Missouri is cutting its transportation funds to school districts by at least 45 percent, potentially limiting how many buses the state can afford to have on the road. A cut that St. Joseph District Financial Advisor, Dr. Gabe Edgar, saw coming.
"We had an idea that transportation was going to be cut over and over again," Edgar said.
For a Missouri district to be considered fully funded, the state needs to provide 75 percent of the total transportation costs. The St. Joseph School District received only 29.6 percent of the necessary 75 percent in state funds. The district was supposed to get $2.48 million for transportation but instead received around $735,000.
"It's not affecting us in a positive way, we are meeting with Apple and we are doing the best we can, so we don't lose any extra dollars," Dr. Edgar said.
The St. Joseph School District contracts the Apple Bus Company for transportation.
General Manager Kim Green says they spend all summer figuring out the most efficient school bus routes.
"Contractors run pretty lean, so we try to do everything as efficient and cost effective as we can," Green said.
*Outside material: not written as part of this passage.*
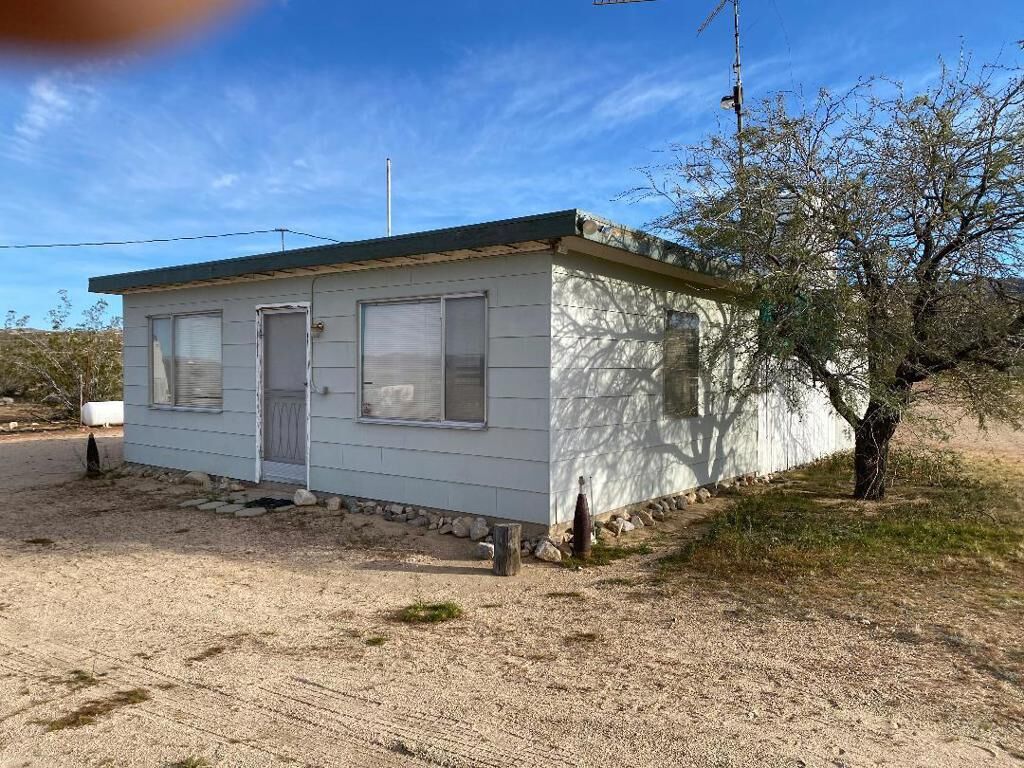 Property Photo: 5457 Larrea Road CA 92285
As time goes on, Edgar said he thinks the transportation budget will continue to be a target for state budget cuts, which will force the distict to make cuts of their own.
"Extracurricular activities some time- thats the place they choose to cut," said Green.
Green said she's seen some district's not run to certain areas by instituting full "walk-zones". For Missouri, the state walk-zone maximum is 3.5 miles, but the St. Joseph School District only institutes a 1-mile walk-zone.
"We are driven by attendance and those types of things," Edgar said. "If we didn't provide transportation, it would be a disaster," Edgar said.
While the district is safe this year, if it doesn't receive the projected 35 percent state funding or can't raise additional transportation funds, it's the most vulnerable to feel it next year.
"Ultimately that comes out of your opperating fund just like everything else, so it's taking away from your students- it's taking away from your teachers and those types of things," Edgar said.
The state board also said it will ask for $25 to $30 million a year from the General Revenue Fund in an effort to become fully funded in nine years.